■ Source data
^^^^
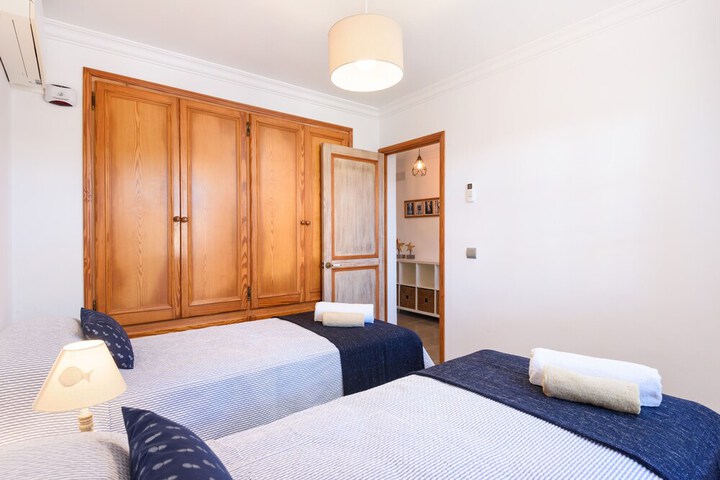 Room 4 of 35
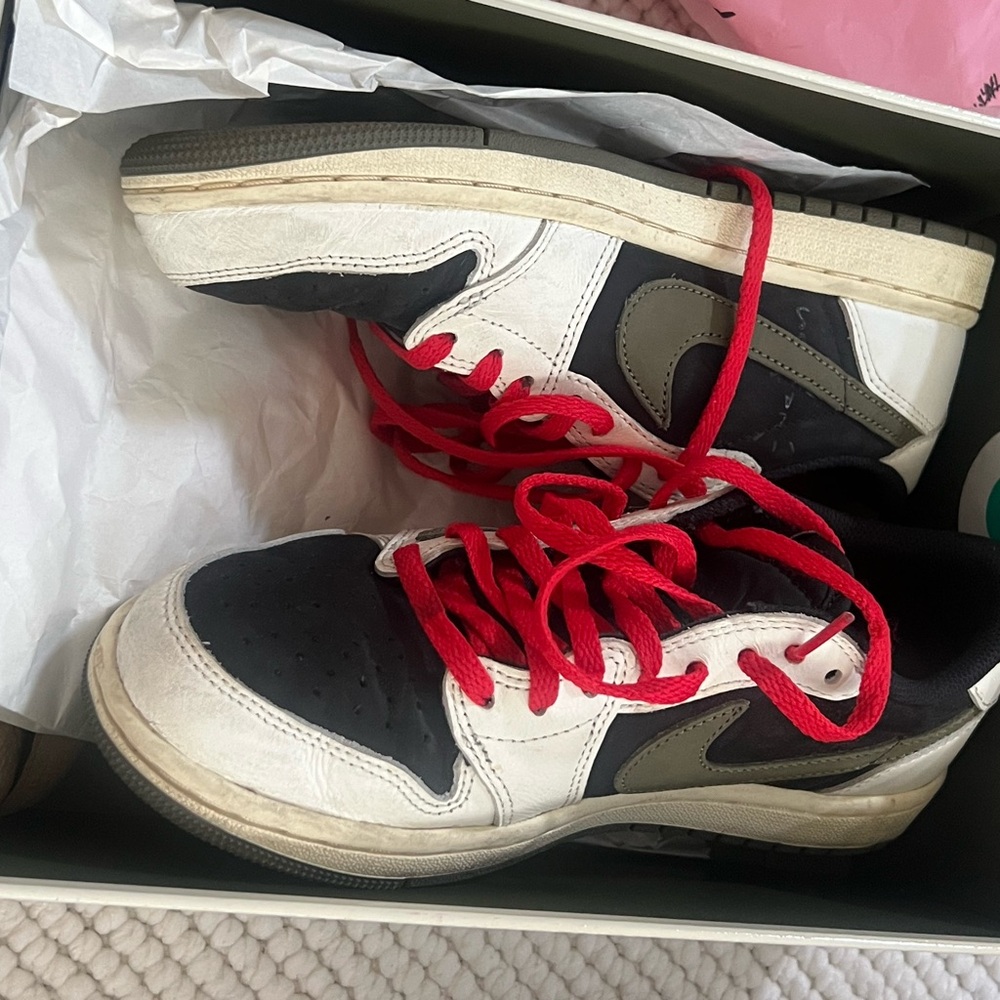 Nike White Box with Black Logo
^^^^
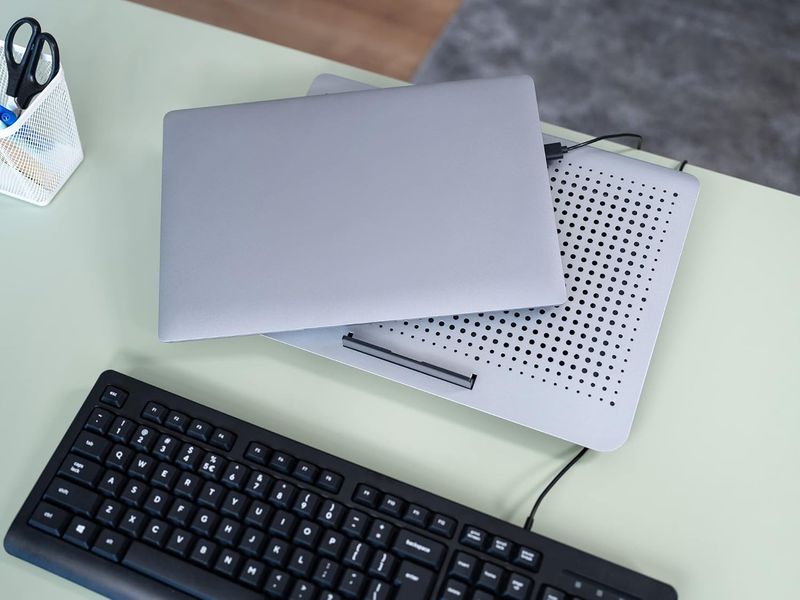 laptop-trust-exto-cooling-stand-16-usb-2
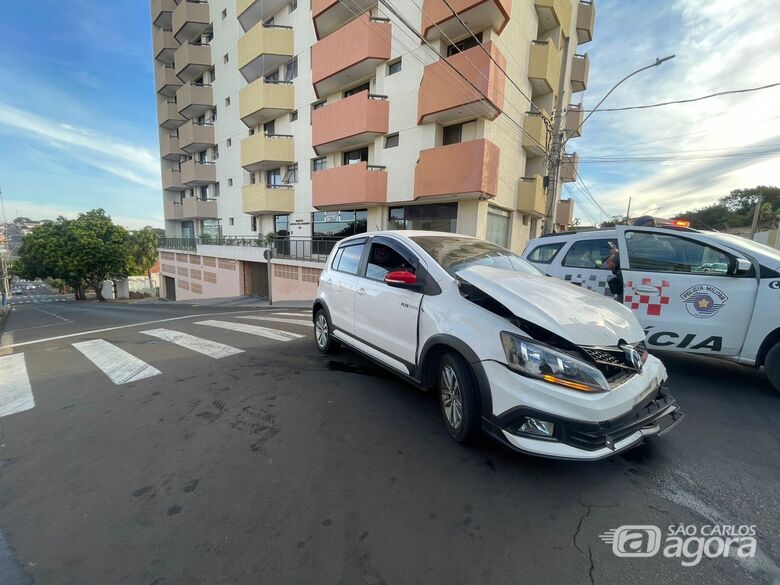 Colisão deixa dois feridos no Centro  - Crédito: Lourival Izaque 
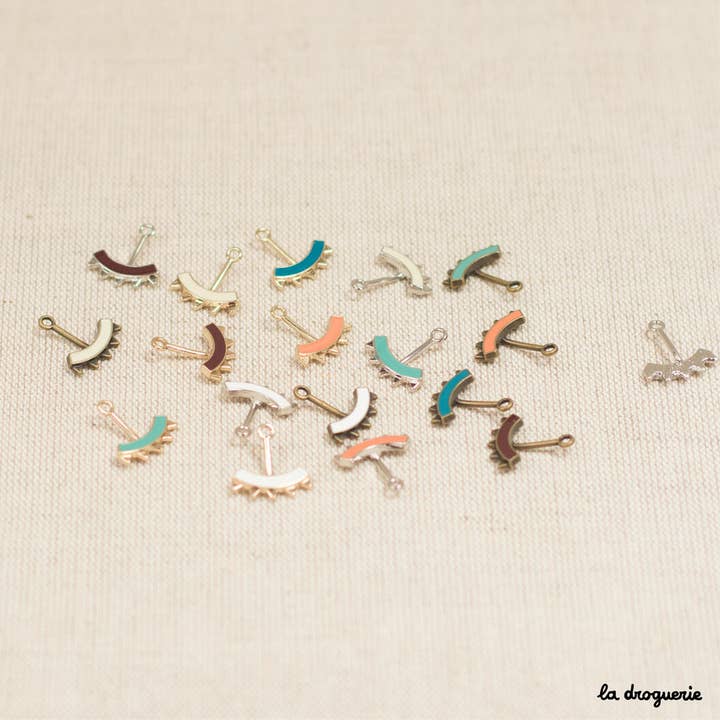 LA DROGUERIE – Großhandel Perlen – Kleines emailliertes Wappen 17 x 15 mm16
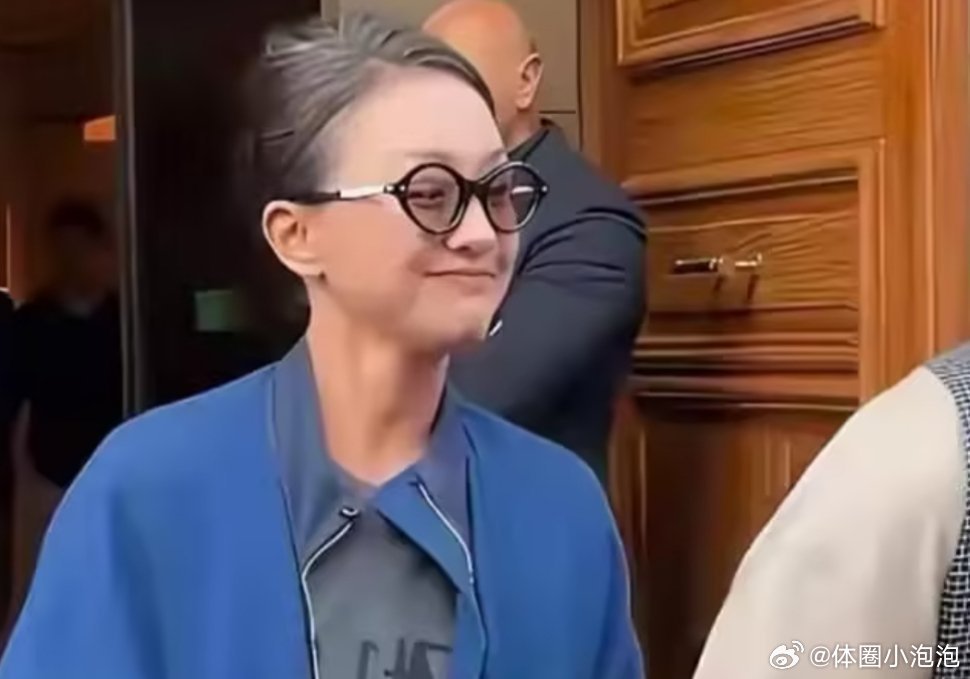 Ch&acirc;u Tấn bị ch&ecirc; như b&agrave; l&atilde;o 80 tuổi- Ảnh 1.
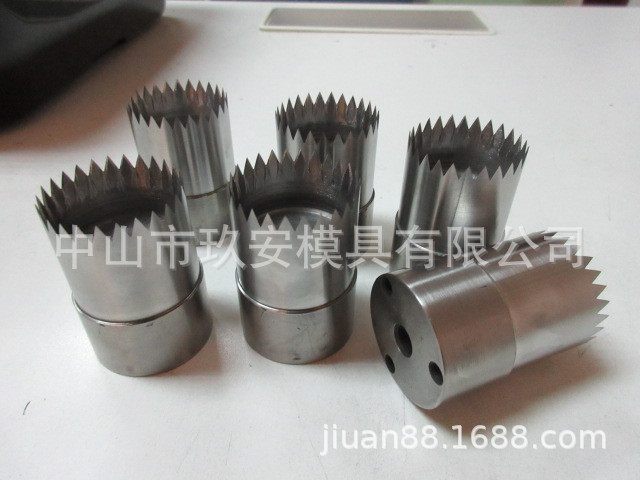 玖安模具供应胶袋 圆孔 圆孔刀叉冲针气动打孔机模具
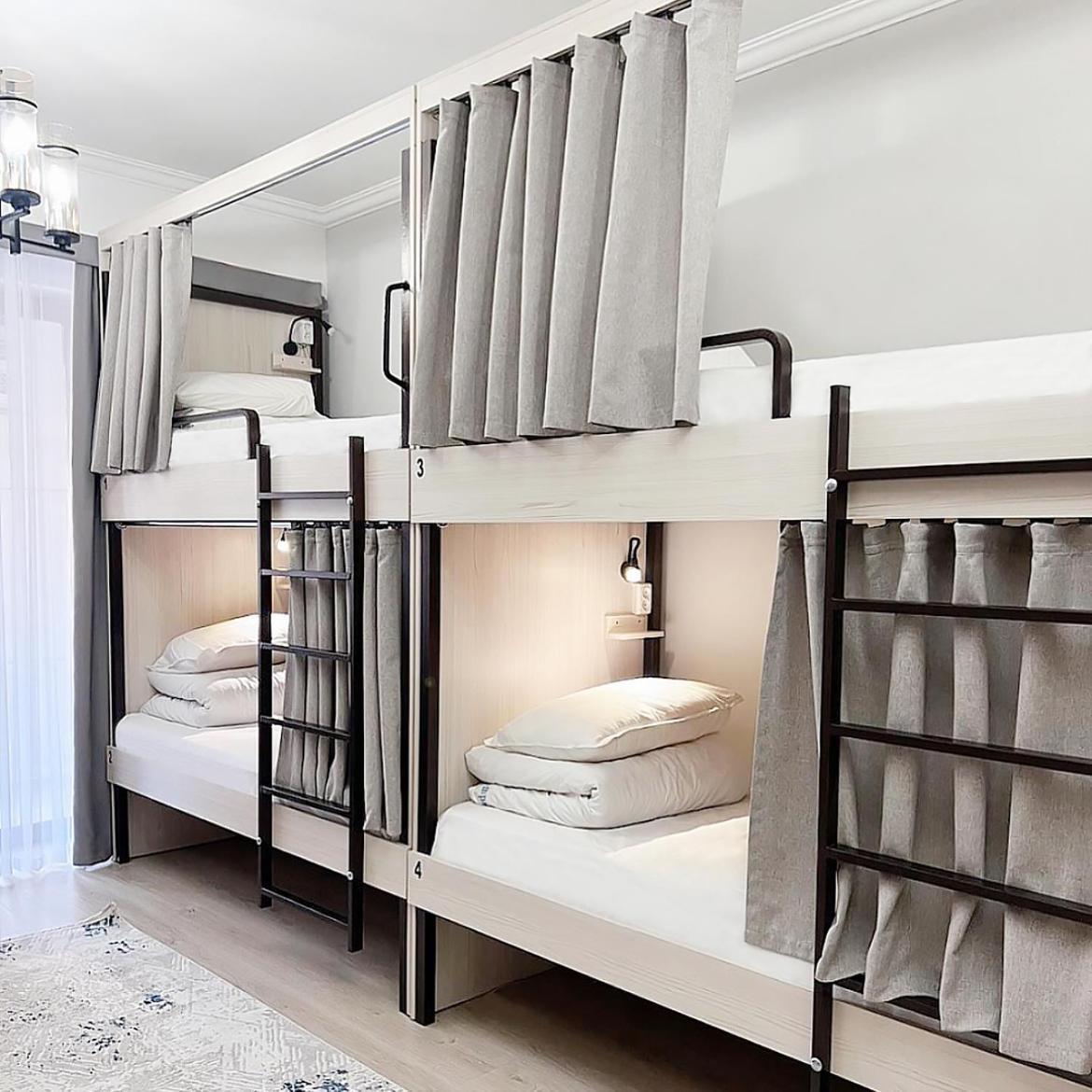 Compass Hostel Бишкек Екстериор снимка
^^^^
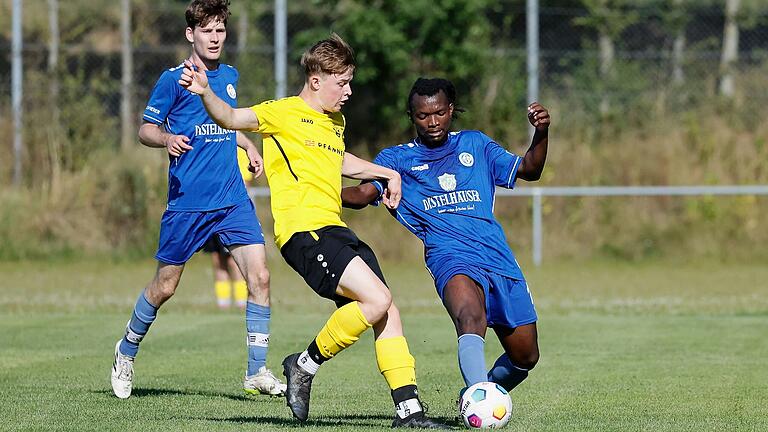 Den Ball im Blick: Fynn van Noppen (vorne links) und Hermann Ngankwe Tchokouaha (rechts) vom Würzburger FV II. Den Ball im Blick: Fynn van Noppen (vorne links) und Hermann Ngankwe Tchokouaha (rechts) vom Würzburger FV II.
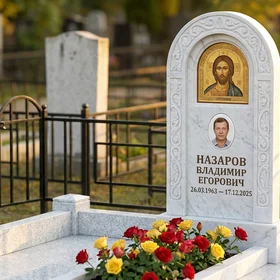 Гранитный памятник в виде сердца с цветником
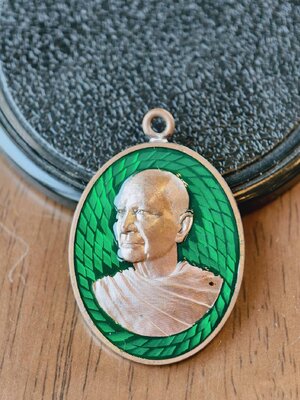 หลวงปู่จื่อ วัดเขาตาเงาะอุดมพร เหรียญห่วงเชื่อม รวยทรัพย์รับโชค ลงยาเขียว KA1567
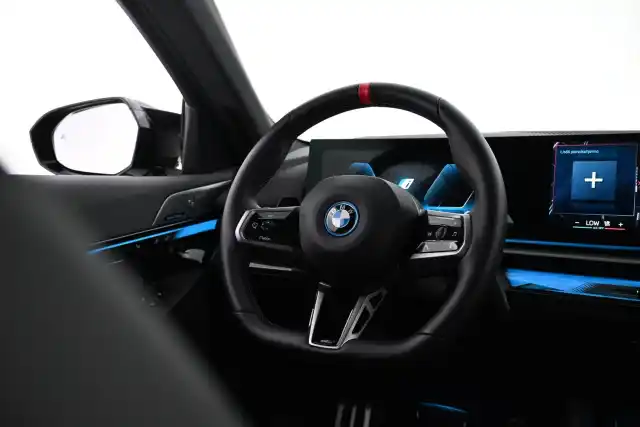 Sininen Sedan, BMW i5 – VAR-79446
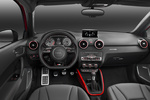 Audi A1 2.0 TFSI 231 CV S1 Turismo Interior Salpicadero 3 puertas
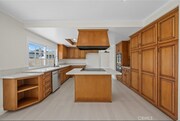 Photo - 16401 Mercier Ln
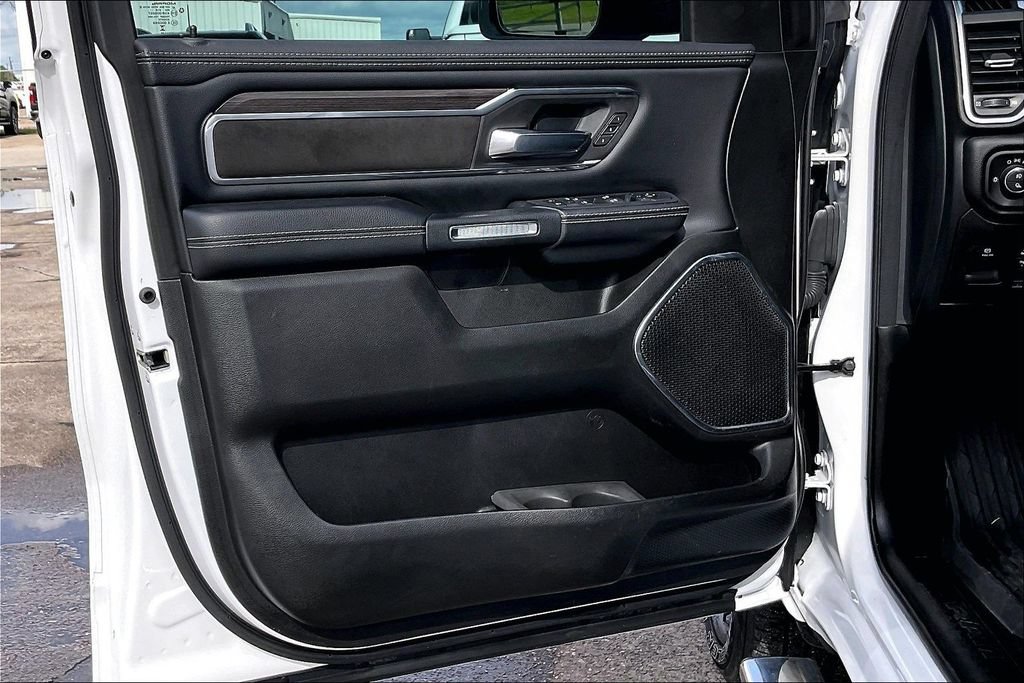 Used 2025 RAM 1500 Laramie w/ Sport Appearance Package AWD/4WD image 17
^^^^
■ Exercise directions
Everything above from the line containing "II. Den Ball" through the line containing "Used 2025 RAM" must be repeated exactly, and the pictures must be left out.

■ Task answer
 Den Ball im Blick: Fynn van Noppen (vorne links) und Hermann Ngankwe Tchokouaha (rechts) vom Würzburger FV II. Den Ball im Blick: Fynn van Noppen (vorne links) und Hermann Ngankwe Tchokouaha (rechts) vom Würzburger FV II.
 Гранитный памятник в виде сердца с цветником
 หลวงปู่จื่อ วัดเขาตาเงาะอุดมพร เหรียญห่วงเชื่อม รวยทรัพย์รับโชค ลงยาเขียว KA1567
 Sininen Sedan, BMW i5 – VAR-79446
 Audi A1 2.0 TFSI 231 CV S1 Turismo Interior Salpicadero 3 puertas
 Photo - 16401 Mercier Ln
 Used 2025 RAM 1500 Laramie w/ Sport Appearance Package AWD/4WD image 17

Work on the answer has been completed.